But draft resistance has much earlier origins in the U.S. During the Civil War, poorer white men in the North and the South felt especially targeted by draft laws that offered wealthier white men legal means to avoid military service.

In the Confederacy, their discontent eventually forced a change to the law, limiting the ability of the wealthy to evade the draft. In the North, poor white men’s fear and resentment famously led to draft riots in New York City in 1863. Over the course of five days, mobs of disgruntled white workers and their families targeted government buildings and then African Americans and black-owned buildings and businesses. They blamed the government for the draft and African Americans for the war, especially in the wake of Abraham Lincoln’s signing of the Emancipation Proclamation earlier that year.
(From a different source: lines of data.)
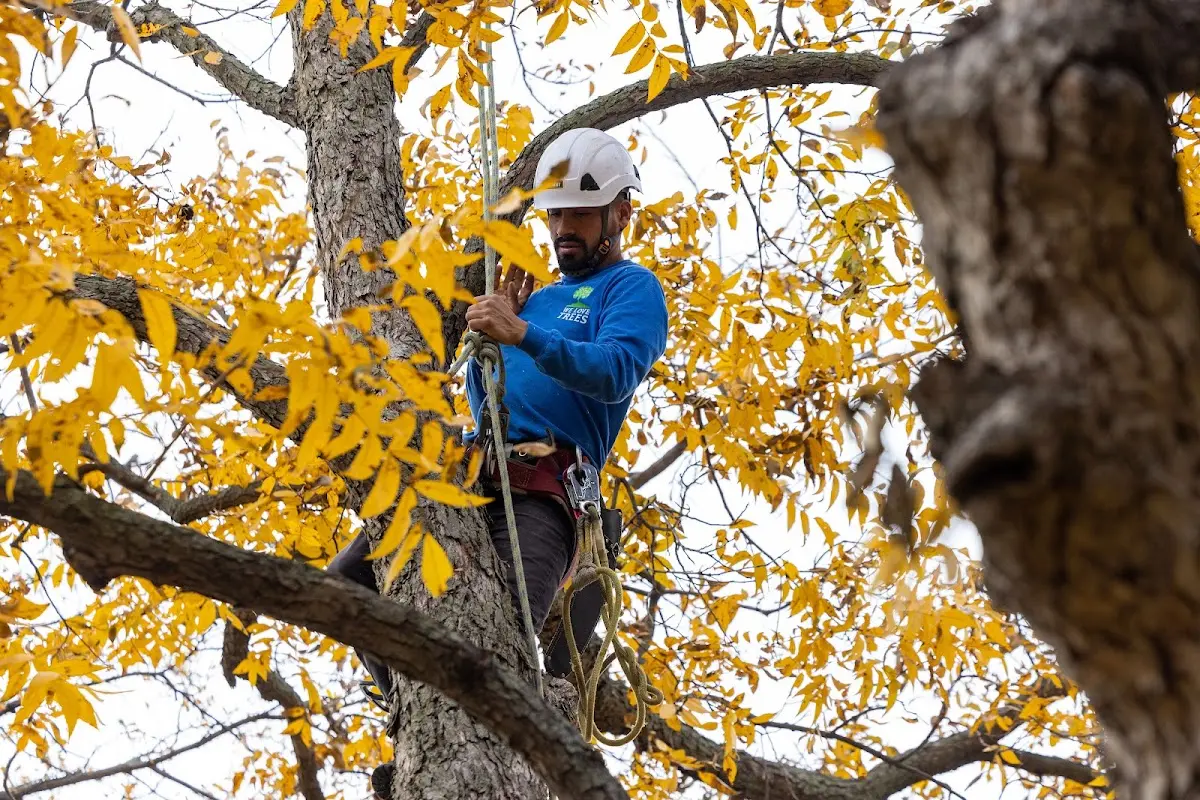 Skilled Storm Damage Cleanup crew working in Remington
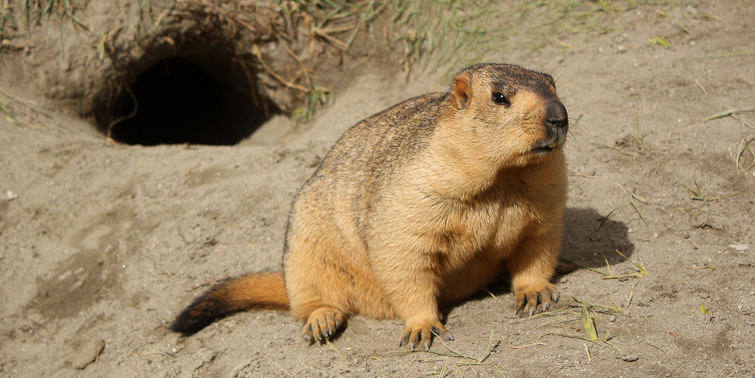 Himalayan Marmot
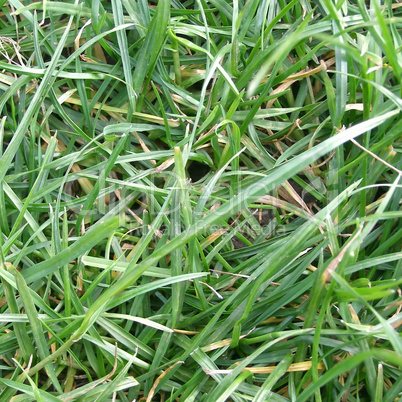 grass meadow weed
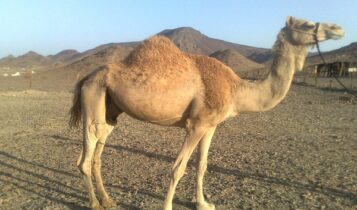 صور جمل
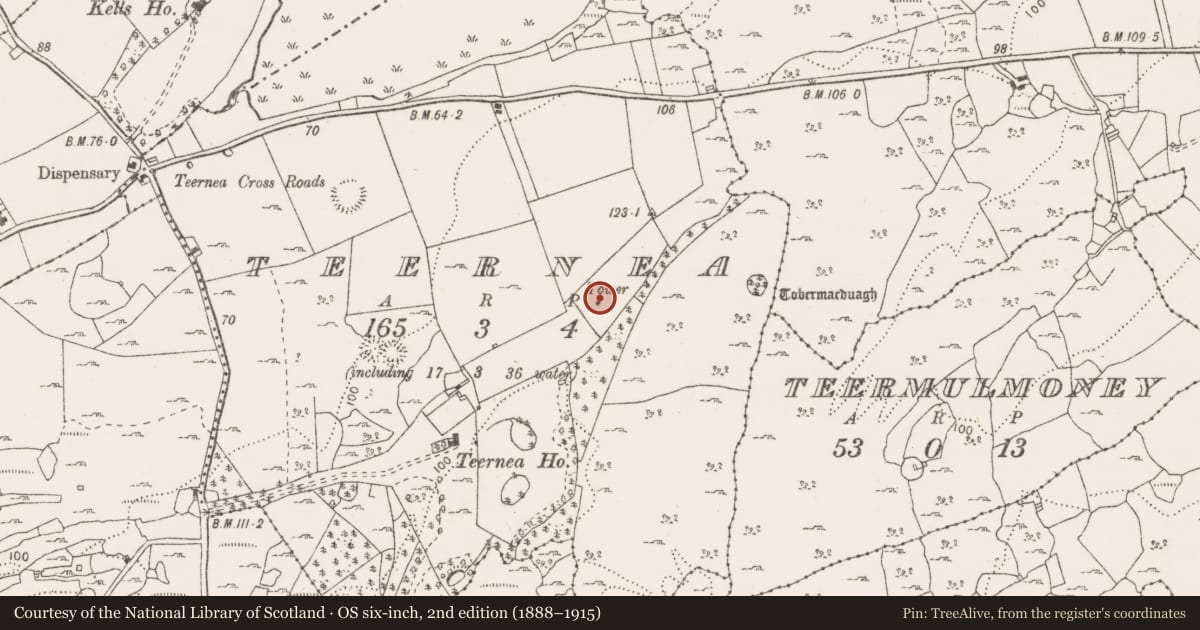 Ordnance Survey six-inch map, 2nd edition (1888–1915) covering the location of Structure, Teernea, County Clare, with a pin at the register's coordinates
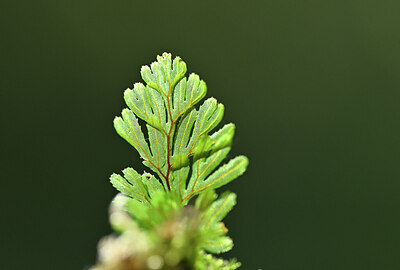 BUITEN BEELD Foto: 438724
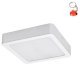 Oprawa natynkowa sufitowa LED 7W SHAUN2 71195 Rabalux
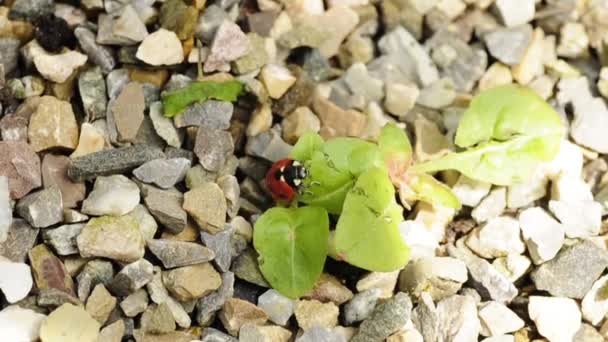 Lady´s Beetle — 图库视频影像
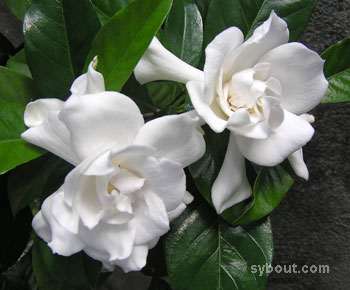 Gardenia flowers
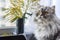 Fluffy white cat with a bouquet of Mimosas on the window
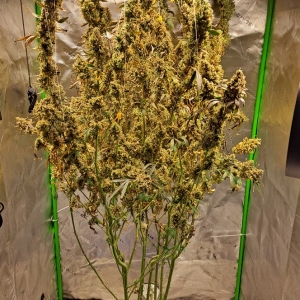 Purple Ghost Candy 12-02 PotM.jpg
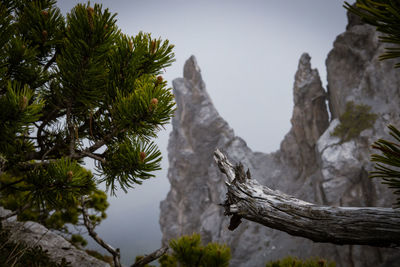 Low angle view of tree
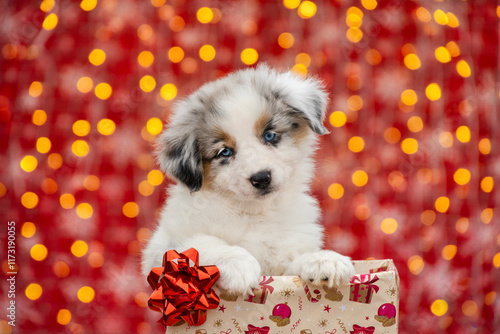 Canvas Print Aussie puppy in a gift box with a bow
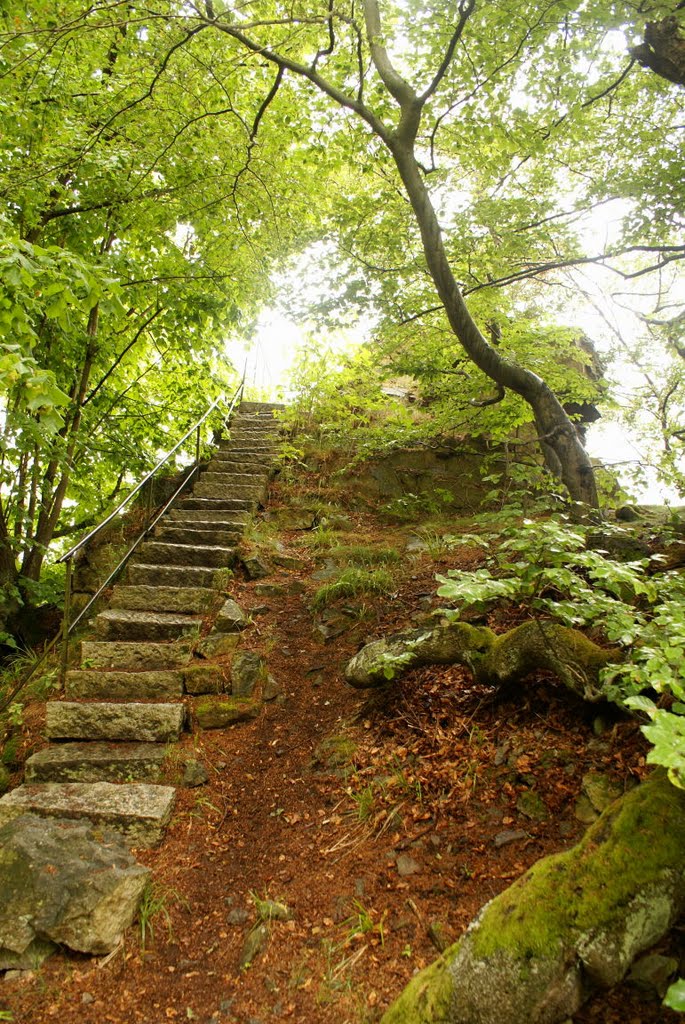 Aufstieg zum Scharfenstein bei Nöschenrode (Harz) by Atheistin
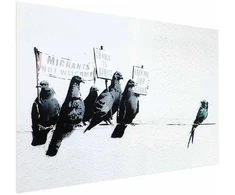 Paveikslas - Ksenofobiški balandžiai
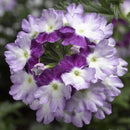 VERBENA LANAI - TWISTER PURPLE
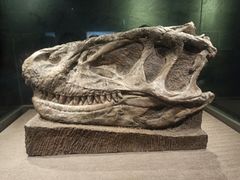 -自贡恐龙博物馆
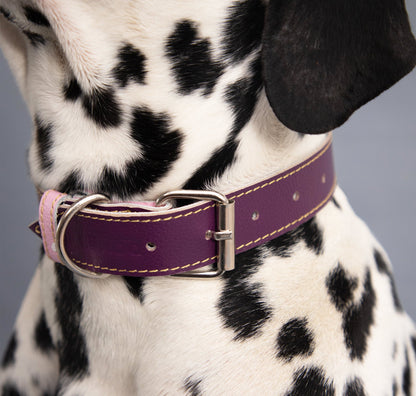 Collar para Perro Cuero Morado Rosado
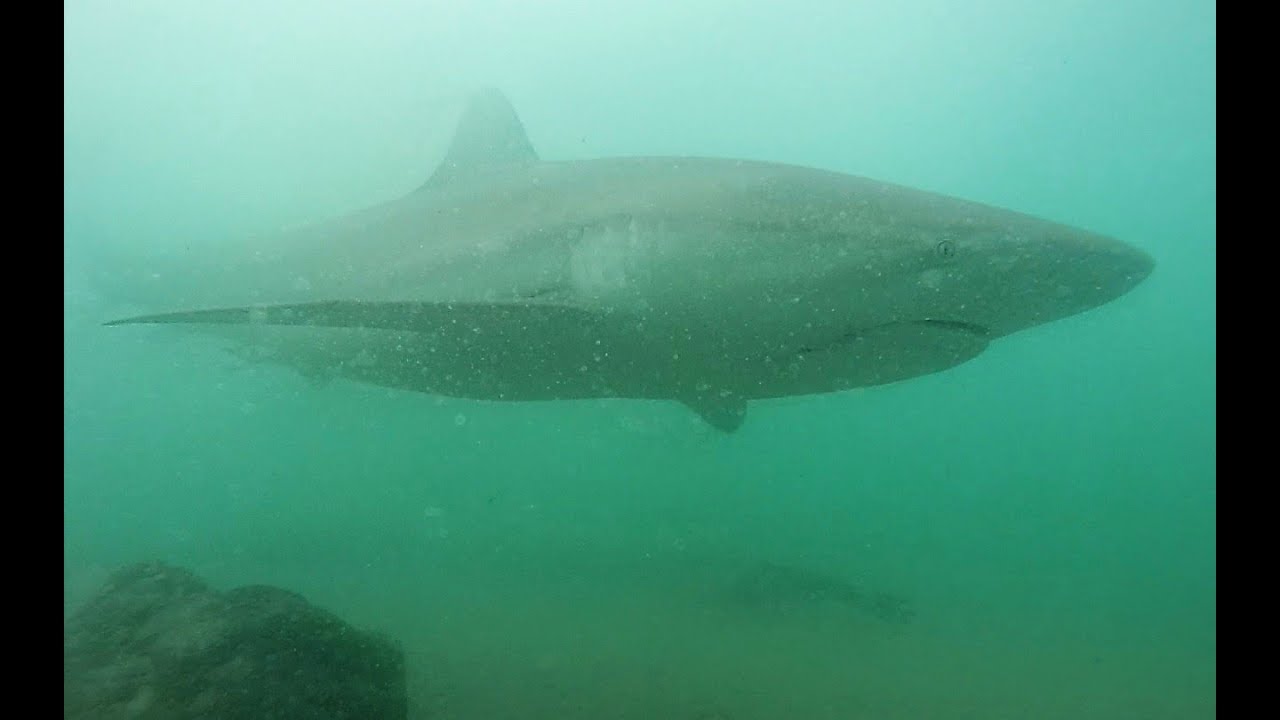 Diving with the Sharks. Hedera 2018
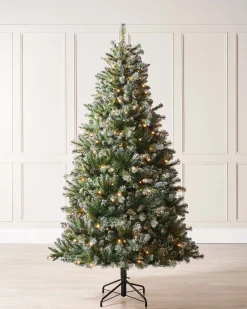 Pre-lit Blue Brockton Spruce Christmas Tree, 5 Ft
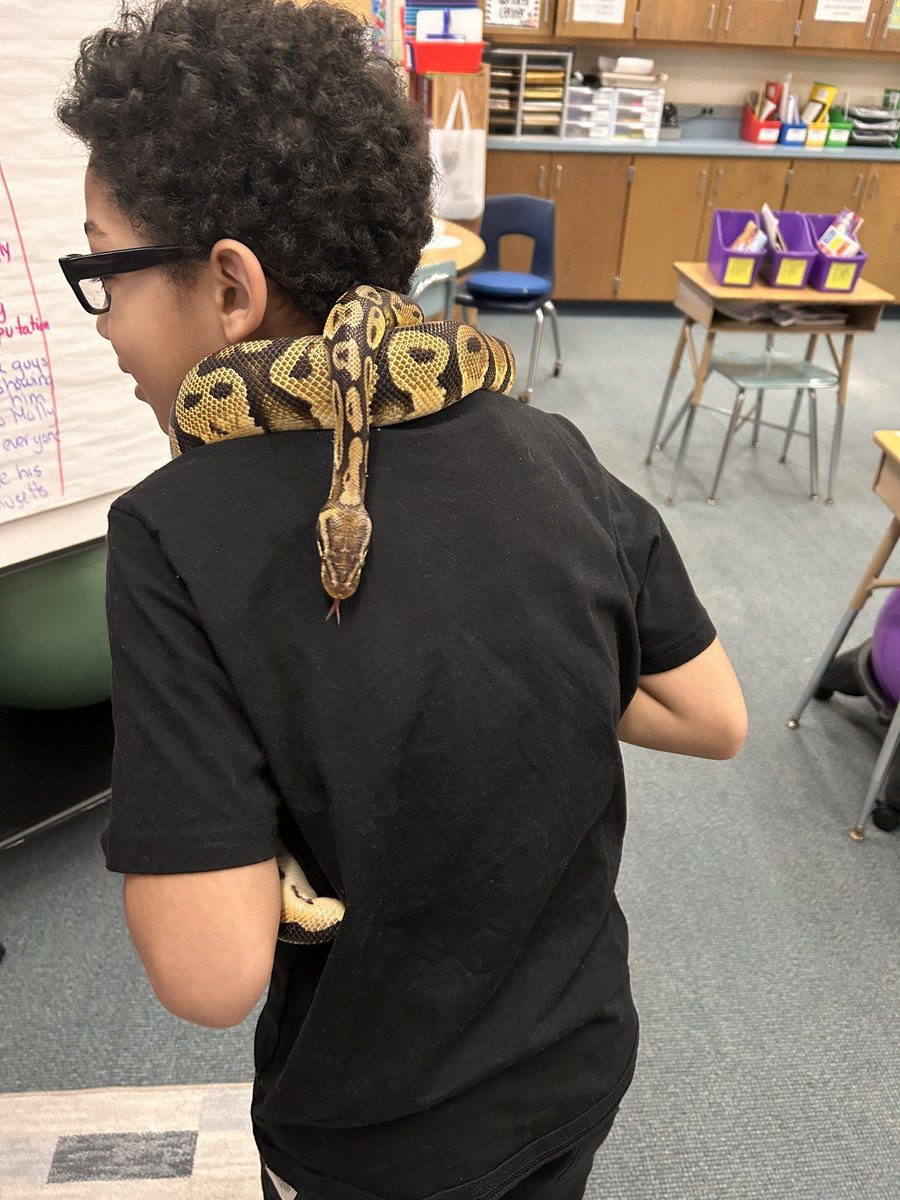 Cristina Mato tweet media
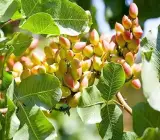 Pistachio Grafted Live Fruit Plant – Premium Pista Nut Plant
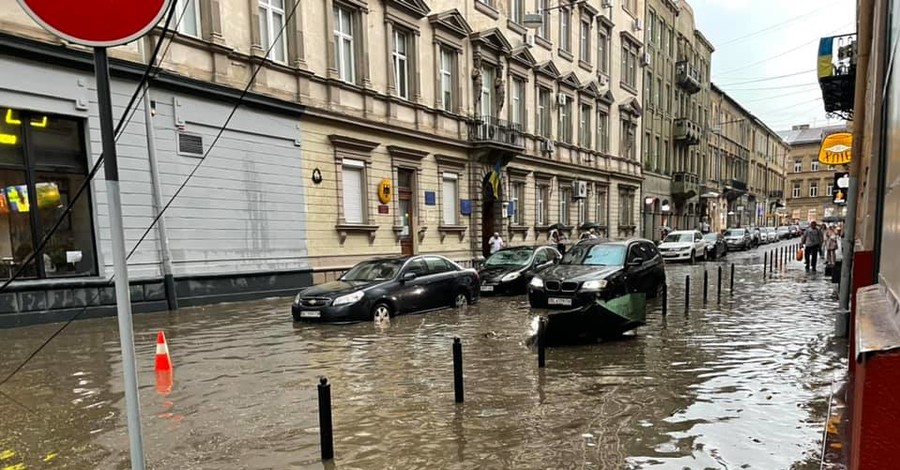 Львов внезапно накрыла сильная буря: деревья повырывало с корнями, остановлен электротранспорт 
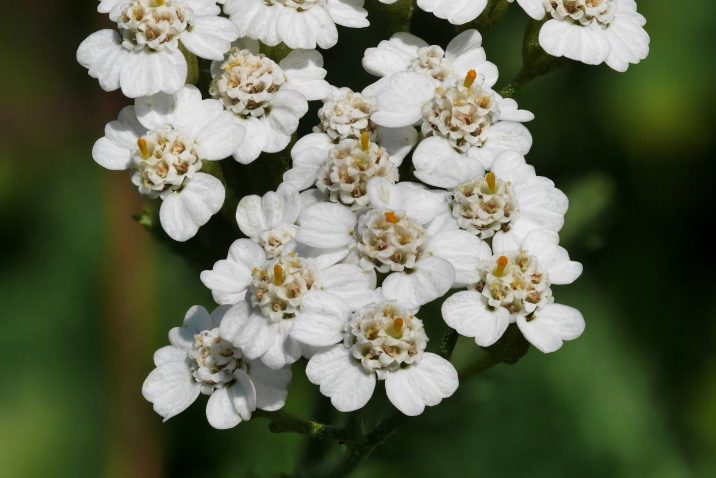 Achillea millefolium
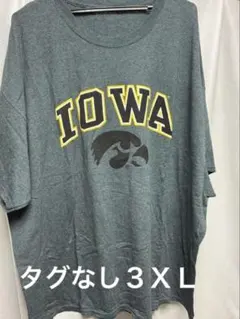 IOWA アイオワ大学 ロゴ Tシャツ グレー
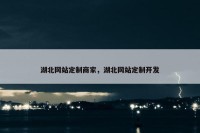 湖北网站定制商家，湖北网站定制开发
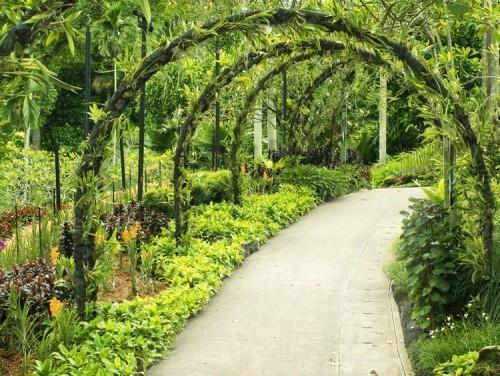 Jardin botanique de Singapour plante tropicale comme chemin de jardin en forme d'arche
A World War II recruiting poster, based on an earlier one from World War I, featuring Uncle Sam and the words ‘I Want You.’ Designed by James Montgomery Flagg. / Library of Congress

During World War I the Selective Service depended on massive public media campaigns in order to convince men that they should comply with the draft. While most ultimately acquiesced, local boards faced significant resistance.

But even during World War II, a moment of supposed unity and resolve to beat Nazi Germany and Imperial Japan, American men balked at the draft. While the lasting memory is of the “Greatest Generation” rushing to join up in the wake of the attack on Pearl Harbor, their willingness is more myth than reality.

Babies over Bombs

It is true that almost 80% of American men born in the 1920s eventually served in the military during World War II and relatively few declared themselves as conscientious objectors or actively resisted the draft.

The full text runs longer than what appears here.